Predictably, sterling's Achilles heel was Brexit. The particular fear is that the prime-minister-in-waiting will somehow manage to force Britain to trade on WTO terms after the end of October. Financial analysts put the chance of a no-deal Brexit at around 4/1 while the bookies see it at closer to evens. Neither of those odds makes the pound look appealing to investors. Its average loss on Monday was 0.4%. Against the safe-haven yen and Swiss franc, which shared the lead, it was down by 0.7%.
Until this morning the Aussie's problems were the economy, interest rates and trade wars, not necessarily in that order. The minutes of the Reserve Bank of Australia's policy meeting on 4 June added another to that list, taking the currency close to a ten-year low against the USD. In the minutes the RBA said another rate cut is "more likely than not".
NY Fed "shock"
Most of Monday's few economic statistics were unremarkable. One was not: The New York Federal Reserve's manufacturing index crumpled from 17.8 in May to -8.6 in June, a 26-point drop and the largest in the history of the survey.
Although the NY Fed's number was considerably worse than the forecast 10.0, investors determined to wish it away. They decided the survey responses must have been swerved by the US president's threats of tariffs on Mexican imports, made a week earlier. The US dollar is only a nose behind the euro and level with the Canadian dollar, half a cent higher against the pound.
Investors were equally ready to brush off comments by commerce secretary Wilbur Ross. Mr Ross dismissed the idea of a China trade agreement at this month's G20 meeting and said Trump is "perfectly happy" with cranking up the tariffs again. He is even "giving very serious thought" to the idea of imposing tariffs on all car imports.
Carney, Draghi and Johnson
The important things today will be words, not numbers.
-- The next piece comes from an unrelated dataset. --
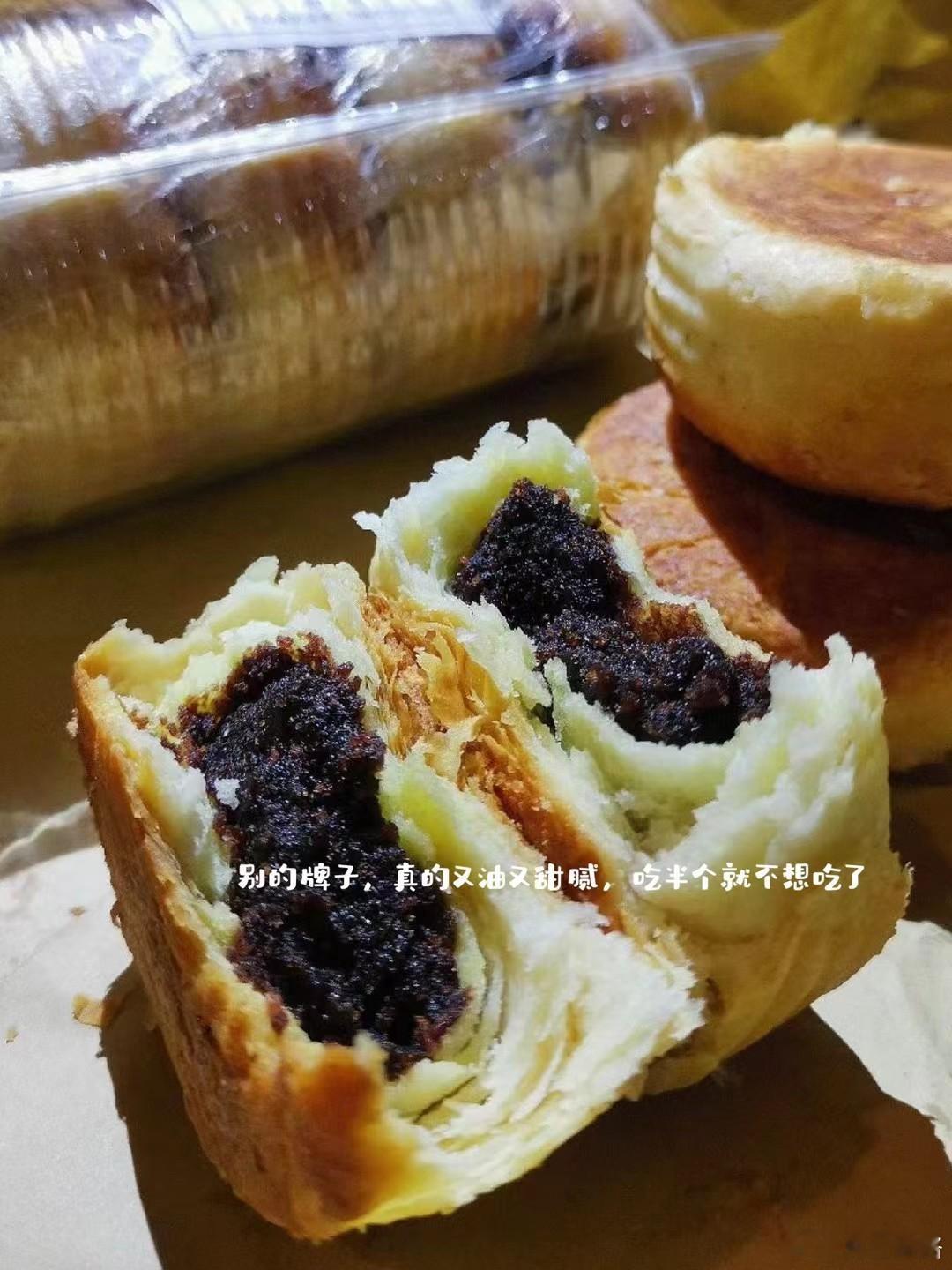 大家好，月饼每个口味还有30多份。卖完收摊。喜欢吃我乡月饼的朋友们快去拍！ ​​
The Bank of England's Mark Carney and the European Central Bank's Mario Draghi will both be speaking at the ECB Forum in Sintra, Portugal. Boris Johnson will be among the Tory leadership candidates appearing in a televised Q&A on BBC1 at 20:00h.
Of the three, Mr Carney is least likely to affect exchange rates. With only six months until he steps down as governor, and with Brexit still polluting the financial environment, he is unlikely to come out with anything contentious. Mr Draghi might, especially if he picks up on an observation by his possible successor, Olivier Blanchard, that fiscal tools will be needed to fight the next downturn.
Mr Johnson is unlikely to upset sterling's applecart deliberately. He could hurt the pound, though, if he endorses the idea of no-deal. It is difficult to imagine any upside.